**Description of the task:** Please return each entry exactly as it appears, but not the pictures.

**Source material:**
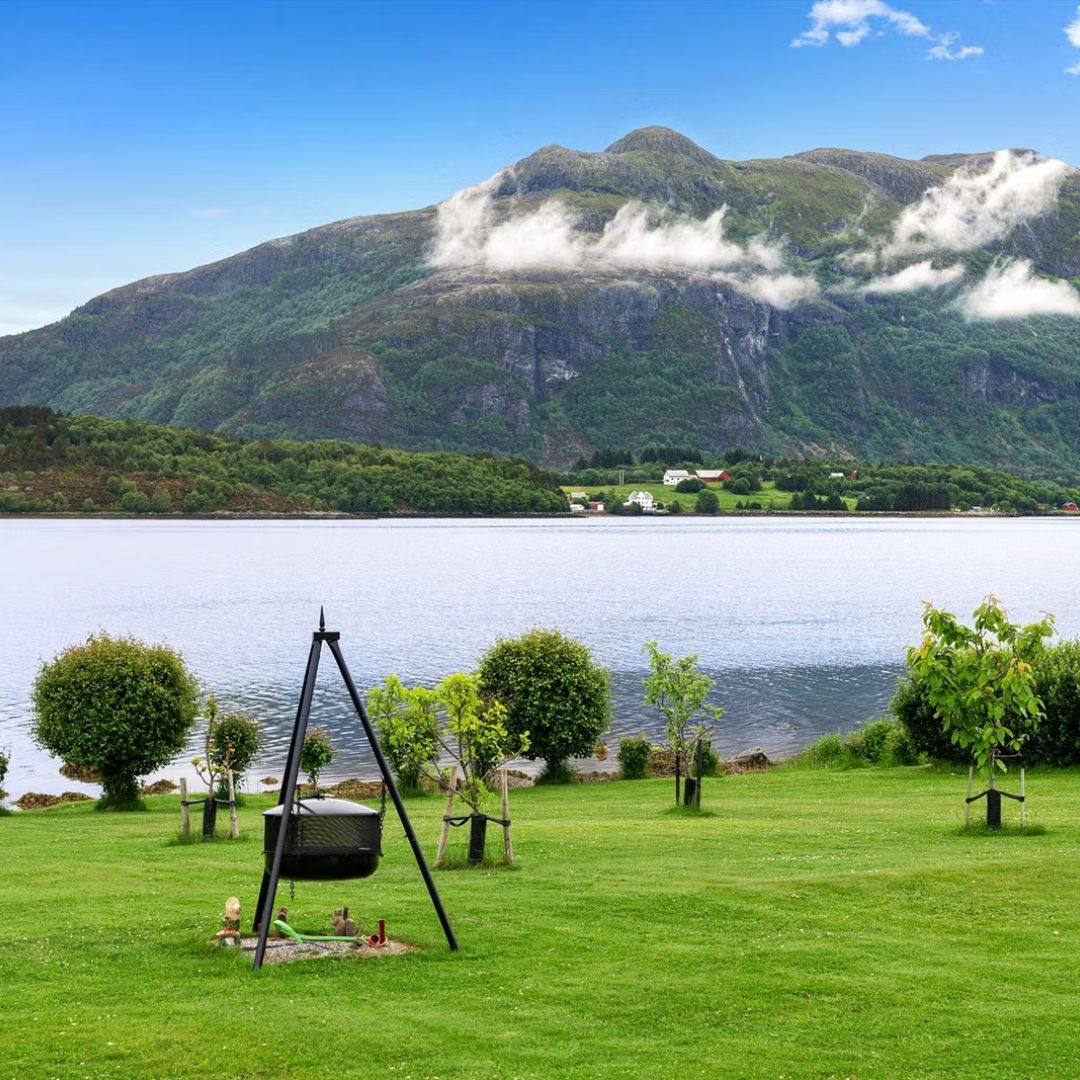 TimurNegru's tweet photo. Scandinavia also has very cool properties, like this one in Norway (now sold). And you won't need an AC. https://t.co/MDwo9xkf3x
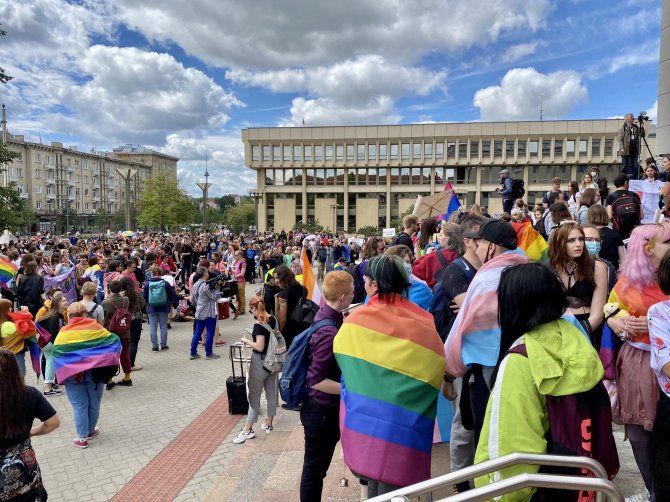 Valdo Kopūsto / 15min nuotr./Vilniuje rengiamos LGBT eitynės už lygybę
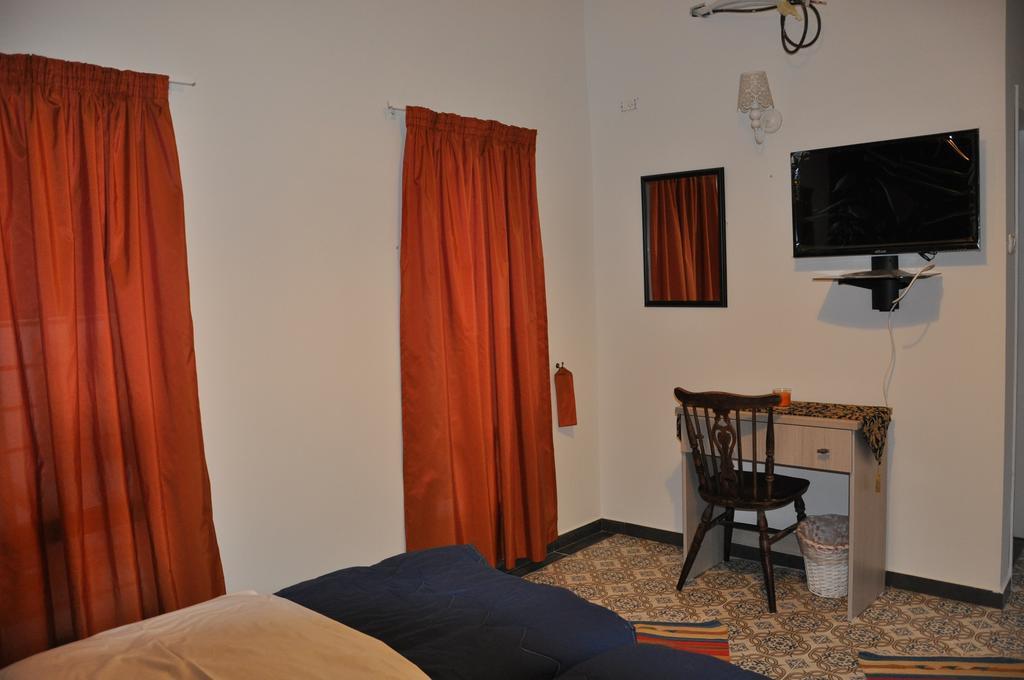 Al-Hakim Boutique Hotel Old Town Nazareth Rum bild
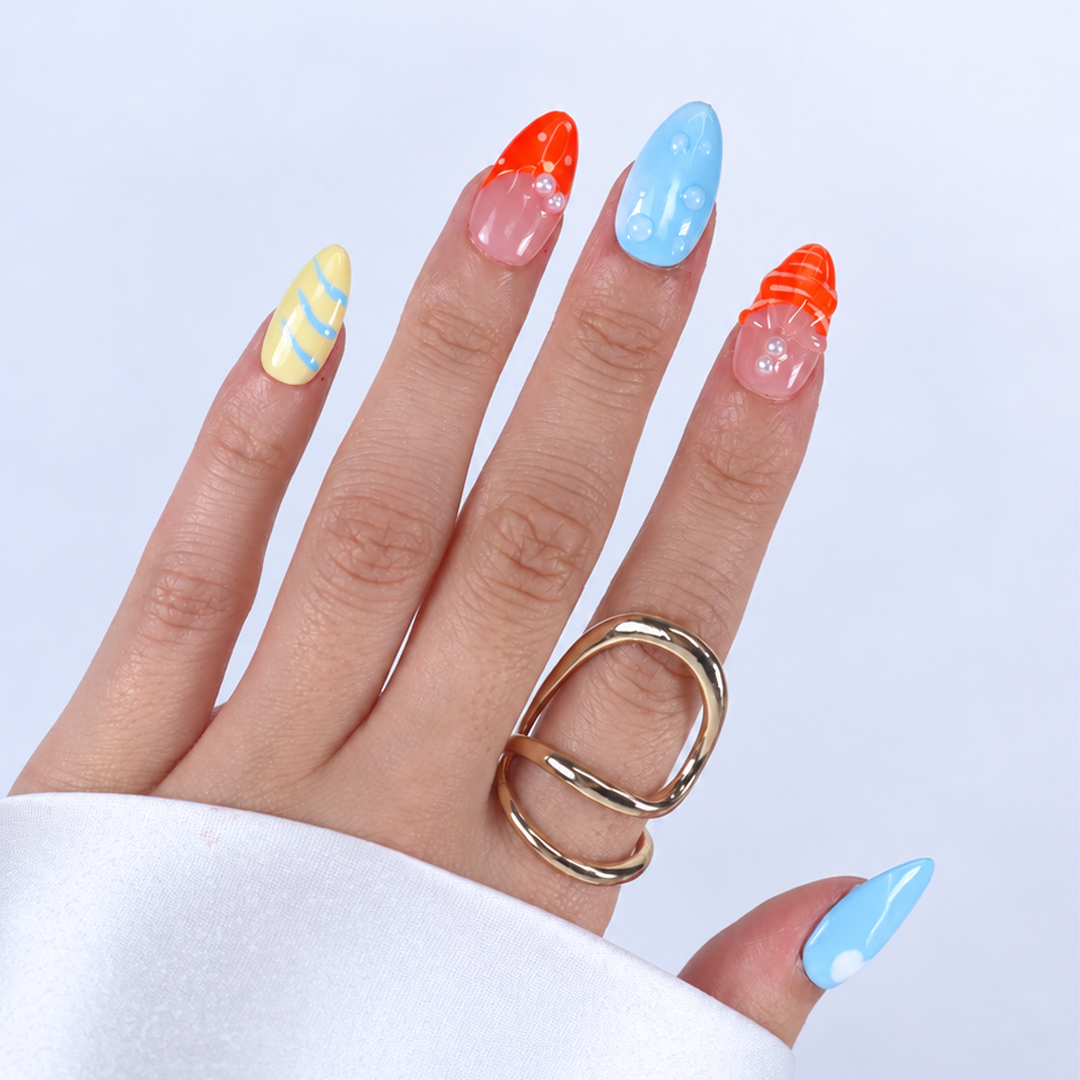 Renkli Nail Art Kısa Badem 15'li Tekrar Kullanılabilir El Yapımı Protez Takma Tırnak KKBD-3510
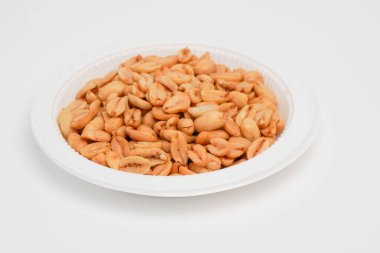 Beyaz arka planda konteynırda kızartılmış orijinal soğan fasulyesi.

**Response for this exercise:**
 TimurNegru's tweet photo. Scandinavia also has very cool properties, like this one in Norway (now sold). And you won't need an AC. https://t.co/MDwo9xkf3x
 Valdo Kopūsto / 15min nuotr./Vilniuje rengiamos LGBT eitynės už lygybę
 Al-Hakim Boutique Hotel Old Town Nazareth Rum bild
 Renkli Nail Art Kısa Badem 15'li Tekrar Kullanılabilir El Yapımı Protez Takma Tırnak KKBD-3510
 Beyaz arka planda konteynırda kızartılmış orijinal soğan fasulyesi.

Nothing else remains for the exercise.